Table 1. Comparison of location privacy protection query technologies

From the perspective of query mode architecture, spatial cloaking and data transformation technology mostly rely on trusted third party (acting as anonymizing servers) to participate in query processing in online or offline mode [1,2,3,4]. There are difficulties in implementation and the trusted third party is inclined to be the bottlenecks of the query system. Location perturbation technology uses the mode of direct interaction between query client and LBS server to realize privacy protection query, which has the advantage of not depending on trusted third party. The false point method is proposed in ref [6] and ref [7], which uses the false position point instead of the user’s real location to initiate the query.

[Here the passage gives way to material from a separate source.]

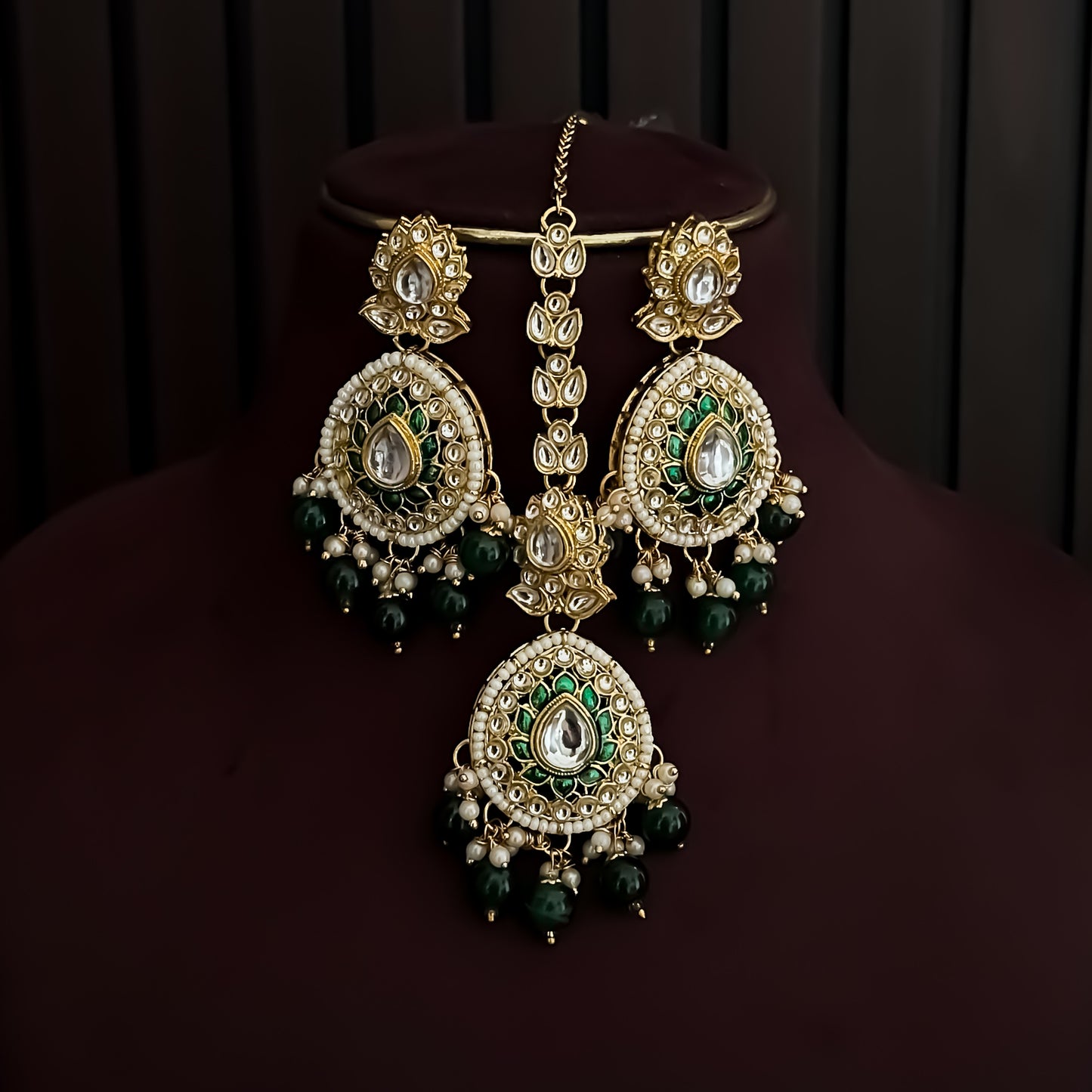 Shireen Premium Meenakari Kundan Choker Necklace Set - Green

SpaceTwist method is proposed in ref [8], in which the client specifies a location as the anchor node, and the server performs incremental nearest neighbor query on the anchor node until the critical condition is satisfied. Privacy protection query method Coprivacy [9] is proposed based on SpaceTwist. It implements K anonymity by querying the user to form an anonymous group, and can support privacy preserving query satisfying K anonymity.

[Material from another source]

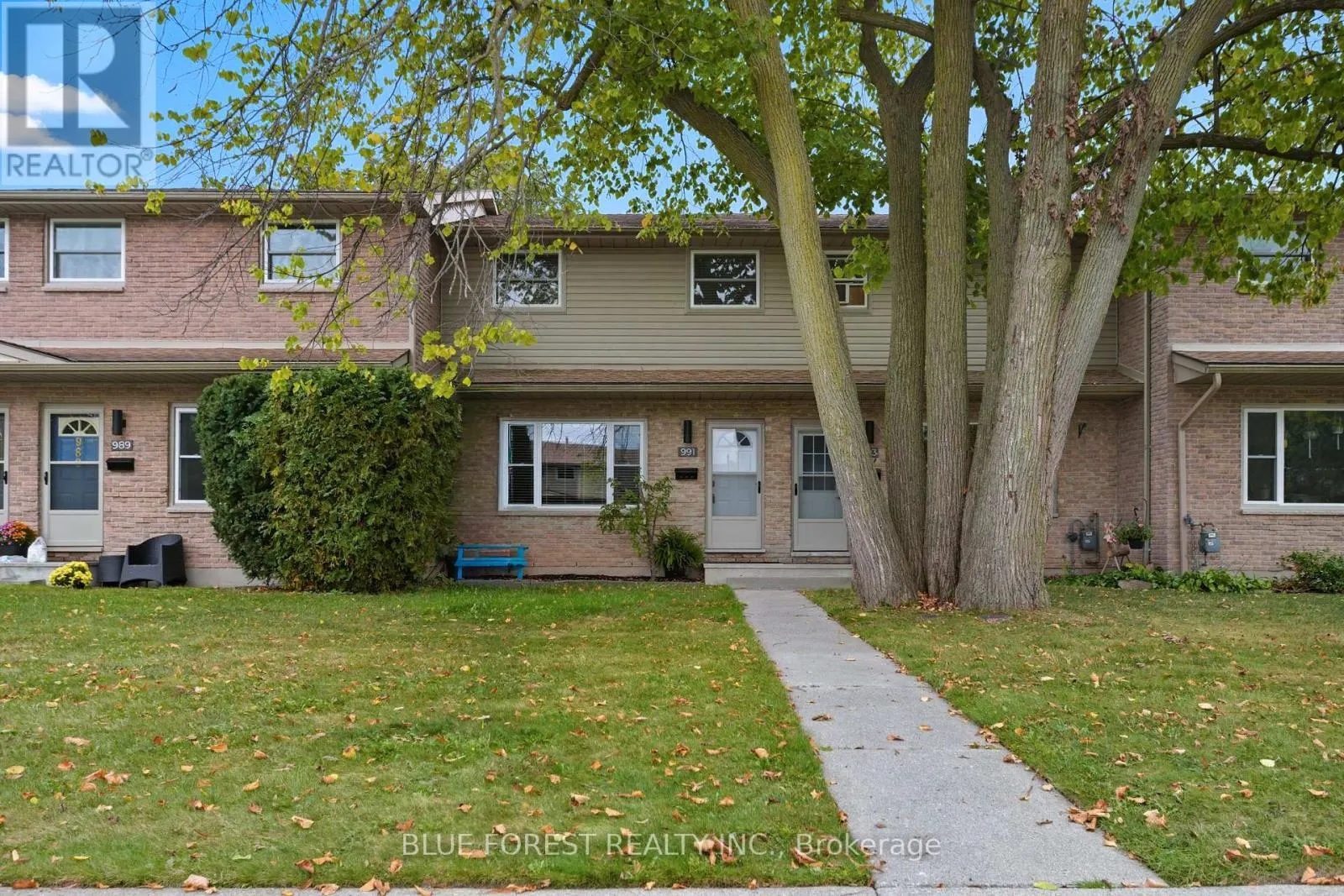 30 - 991 NOTRE DAME DRIVE, #30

Existing location perturbation based privacy-preserving query methods, just as the representative method SpaceTwist of them, have the following shortcomings.

  1. (1)

    The number of iteration queries between the query client and the LBS server is uncontrollable. It results in large computation and communication overhead.

  2. (2)

    The query client lacks the regulation mechanism for query efficiency and privacy security, which makes it difficult to meet the personalized regulation requirements of query efficiency and privacy security.

To solve the above problems, a feedback-based incremental nearest neighbor query method (FINN) is proposed. Based on location perturbation, the query client provides feedback information to the LBS server in each iteration of query between the query client and the LBS server to realize the existence of the LBS server. Guided query processing reduces the communication and computing overhead of location perturbation method, and realizes the adjustable query efficiency and location privacy protection effect.

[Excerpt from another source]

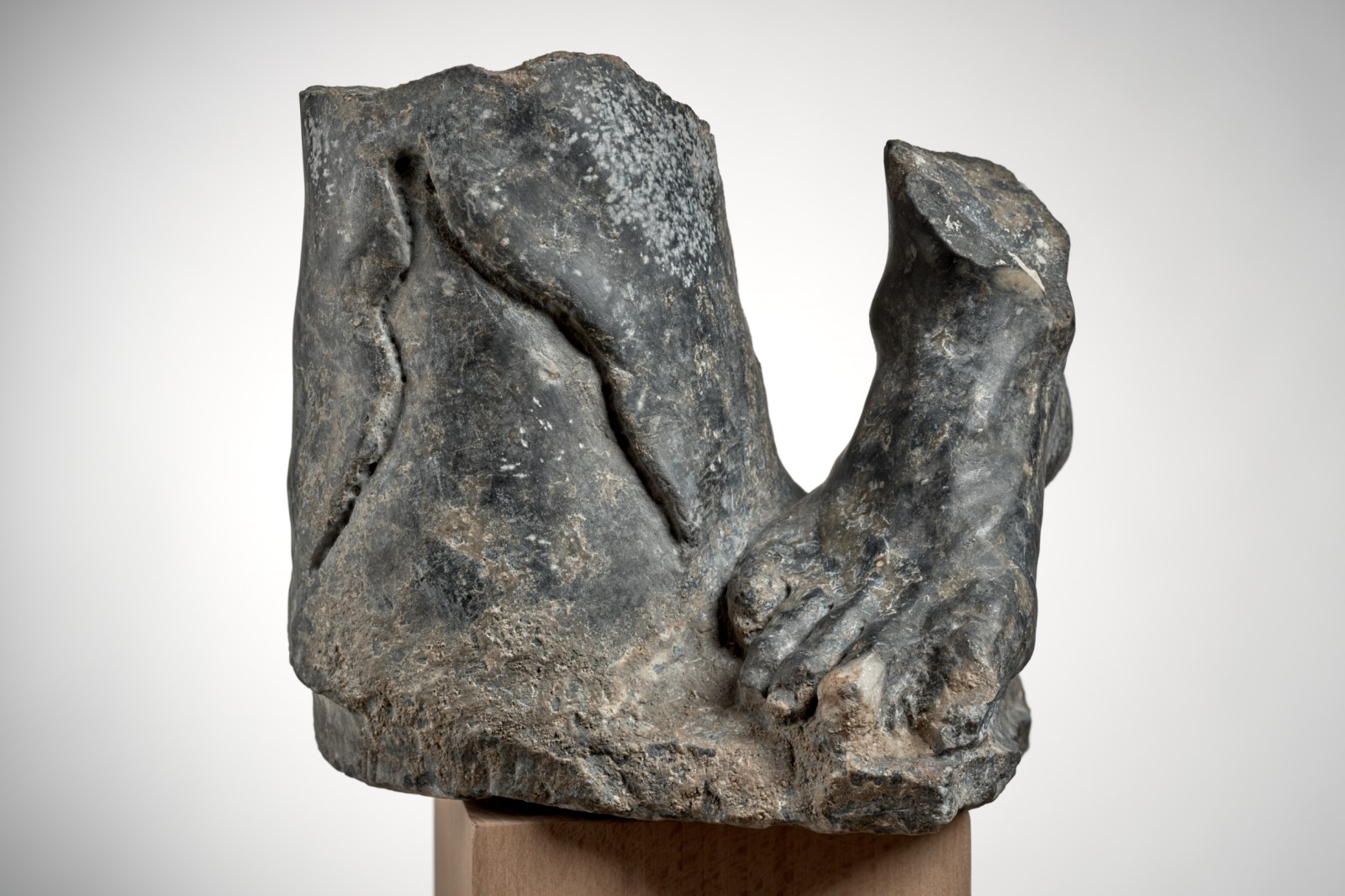 Pied en marbre noir ; Pied droit (ancienne désignation)_0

The main contributions of this paper list as follows:

  1. (1)

    A feedback angle-based control mechanism for query efficiency and privacy protection intensity is proposed to realize the dynamic and controllable adjustment of the query processing process of the server.

  2. (2)

    By using feedback angle control mechanism, a nearest neighbor query method based on location perturbation to protect location privacy, FINN, is proposed to dynamically adjust query processing efficiency and privacy protection intensity.

  3. (3)

    FINN method is realized, and experiments are devised to verify the effectiveness of the solution.

The organizational structure of the paper is as follows: Sect. 2 summarizes the related work and expounds the existing problems of SpaceTwist method. Section 3 gives the basic idea of FINN method and the calculation method of key parameter feedback angle; Sect. 4 elaborates the execution process of FINN method on client and LBS server respectively. Sections 5 and 6 carries out theoretical analysis and experiment on FINN method, respectively. Finally, it summarizes the full text and looks forward to the next step.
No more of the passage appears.